Chaque fois que M. Thiers est rentré dans la vie privée, soit de bonne grâce, soit autrement, il s’est rappelé ses promesses envers l’Académie. De ces haltes Miheureuses est née l’Histoire du Consulat et de l’Empire, — une épopée selon ceux-ci, un procès-verbal selon ceux-là ; ni l’un ni l’autre, à mon humble avis ; mais de l’histoire comme beaucoup l’aiment, rapide et limpide, débarrassée de notes et de documents, usuelle, (mot horrible !) écrite dans la manière parlée de l’auteur. Les larges traits à la Tacite en sont absents, mais par intervalles une bataille s’enlève avec prestesse. Dans le premier volume un épisode charmant est celui du passage du Saint-Bernard entrepris par Bonaparte, qui était simplement escorté de Duroc et de Bourrienne.

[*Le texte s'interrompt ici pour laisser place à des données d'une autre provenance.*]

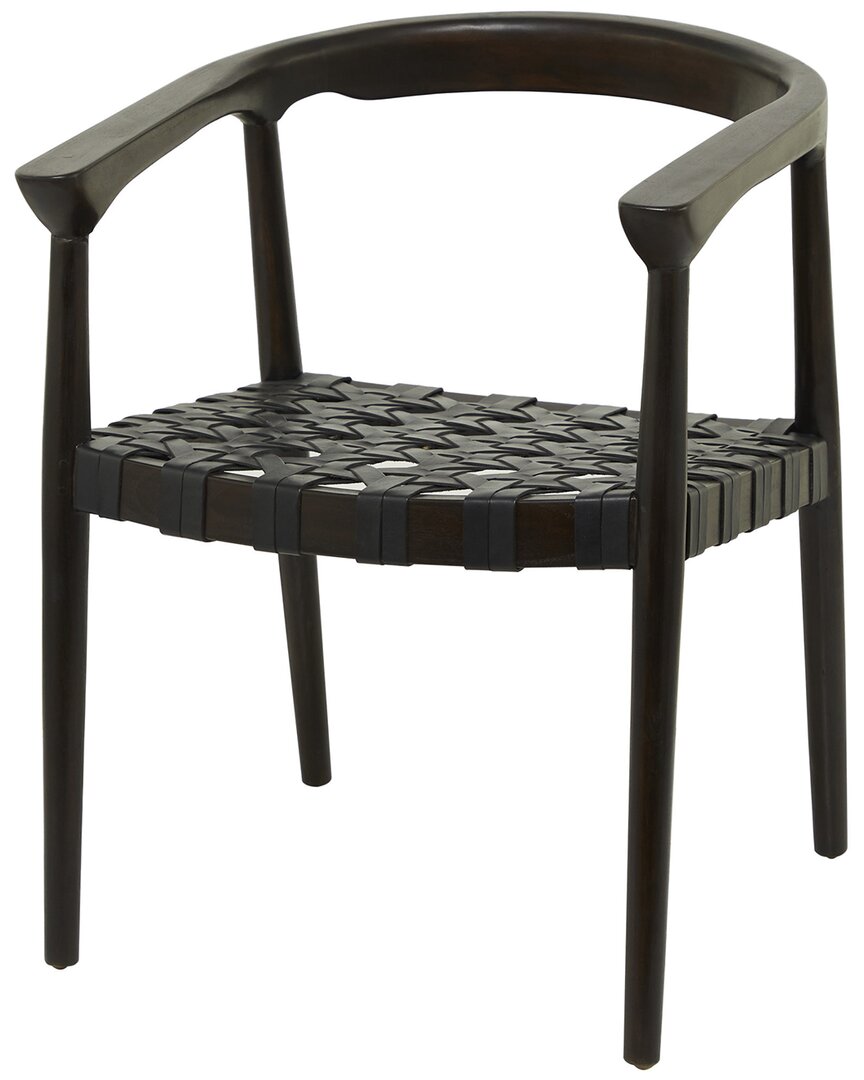Peyton Lane Contemporary Round Dark Teak Wood Accent Chair In Brown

On me saura gré de le citer entièrement :

« Il gravit le Saint-Bernard, monté sur un mulet, revêtu de cette enveloppe[1] grise qu’il a toujours portée, conduit par un guide du pays, montrant dans les passages difficiles la distraction d’un esprit occupé ailleurs, entretenant les officiers répandus sur la route ; et puis, par intervalles, interrogeant le conducteur qui l’accompagnait, se faisant conter sa vie, ses plaisirs, ses peines, comme un voyageur oisif qui n’a pas mieux à faire. Ce conducteur, qui était tout jeune, lui exposa naïvement les particularités de son obscure existence, et surtout le chagrin qu’il éprouvait de ne pouvoir, faute d’un peu d’aisance, épouser l’une des filles de cette vallée. Le Premier Consul, tantôt l’écoutant, tantôt questionnant les passants dont la montagne était remplie, parvint à l’hospice, où les bons religieux le reçurent avec empressement. À peine descendu de sa monture, il écrivit un billet qu’il confia à son guide en lui recommandant de le remettre exactement à l’administrateur de l’armée, resté de l’autre côté du Saint-Bernard.

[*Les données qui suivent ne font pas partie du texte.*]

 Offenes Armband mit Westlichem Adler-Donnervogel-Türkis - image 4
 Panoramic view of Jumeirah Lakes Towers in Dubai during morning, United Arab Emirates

» Le soir, le jeune homme, retourné à Saint-Pierre, apprit avec surprise quel puissant voyageur il avait conduit le matin, et sut que le général Bonaparte lui faisait donner sur-le-champ une maison, les moyens de se marier et enfin de réaliser tous les rêves de sa modeste ambition. Ce montagnard vient de mourir de nos jours, dans son pays, propriétaire du champ que le dominateur du monde lui avait donné. Cet acte singulier de bienfaisance, dans un moment de si grande préoccupation, est digne d’attention. Si ce n’est là qu’un pur caprice de conquérant, jetant au hasard le bien ou le mal, tour à tour renversant des empires ou édifiant une chaumière, de tels caprices sont bons à citer, ne serait-ce que pour tenter les maîtres de la terre ; mais un pareil acte révèle autre chose. L’âme humaine, dans ces moments où elle éprouve des désirs ardents, est portée à la bonté ; elle fait le bien comme une manière de mériter celui qu’elle sollicite de la Providence. »

Il faudrait beaucoup de pages semblables dans l’Histoire du Consulat ; c’est aimable, simple et terminé par une observation vraie.

  1. Redingote ne paraît pas sans doute assez noble à l’historien, qui se souvient toujours de Clio.